IBM Journal of Research and Development, May-Jul 2004 by Hoppe, B, Arthur-Mensah, B, Chencinski, E W, Joseph, S, Et al

Typical I/O ASIC designs have multiple clock partitions that are mostly asynchronous to one another; hence, special modeling must be applied to reflect an accurate relationship between the different clock sections and their numbers of simulator cycles per clock cycle of the respective domain. Algorithms must be applied to evaluate logic only in clock sections in which the clock edges actually occur.

Chip model stages

The logic design used in simulation was modeled under two main categories-one-cycle and two-cycle models. The following section describes the model stages used for the switch chip.

C models replaced the hardware design of the physical macros in the one-cycle logic design model. These models are referred to as mSTI and eSTI behaviorals in Figure 3. This allowed the simulation to mimic the actual mSTI link initialization sequence and information packet formatting, thus resulting in a shortened round-trip time for data transfer. Test cases that required the rigorous examination of packet forwarding between the STI logical macro and host logic were conducted under this abridged version of the switch design. A model implementing the behavior of the universal service interface (IF behavioral) is used to exercise base maintenance functions. Each clock domain is fed by a simulation-only programmable oscillator macro to allow frequency variation.

The two-cycle model, which is a full representation of the design of the switch gained from the gate-level netlist, underwent variations to accommodate pervasive function testing. This full chip gate-level model (also known as the two-cycle model), whose characteristics are augmented in subsequent versions, uses the service interface behavioral to set up the PLL, LBIST, logic reset, flush reset, and latch initialization logic.
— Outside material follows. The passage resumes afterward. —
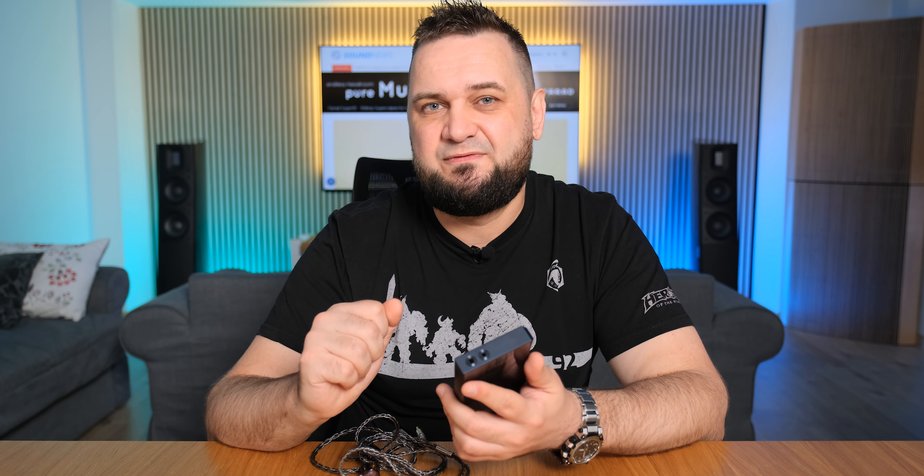Then I connected the supercharger via the secondary USB Type-C input and unlocked the super high gain mode. I remember that with the M15S providing a similar power output, it was a little bit noisy in that mode on super high gain with ultra-sensitive IEMs. But to my surprise, this one is completely noiseless even via super high gain on the 4.4mm balanced output with all my IEMs. The lowest impedance I have is 16 ohms, and even with those, this one is completely noiseless.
For a complete analysis of endto-end data transfer, additional mainline and recovery testing was performed on the full chip gate-level model shown in Figure 4. Each instance on an analog PLL was replaced by simulation-only logic (PLL behavioral) which was the equivalent of a real PLL in a cycle simulator. The content of this logic existed as described in [U]. It was used to verify the surrounding controls of the PLL to program the clock delay, pulse width, and frequency of the PLL.

To verify the correct function of the pervasive function required a multivalue representation of the logic, which led to the development of a multistate full chip gate-level cycle-simulation model. Apart from a binary zero or one, a value "X" can be assigned to every net to indicate not initialized or don't care. This first variant deployed an unknown initialization sequence on the design latches for additional testing of flush reset. Unlike the full chip gatelevel model, which required a 10% duty cycle for clocks, a second variant was developed to exhibit a 50% duty cycle for its clocks. The latter model was used for LBIST and signature matching verification. Asynchronous boundary testing utilized a third variant, shown in Figure 5, which incorporated additional simulation-specific random delay macros to provide simulation with programmable delays at critical asynchronous paths. This third model was periodically modified as the identification of asynchronous crossings within the design continued to evolve.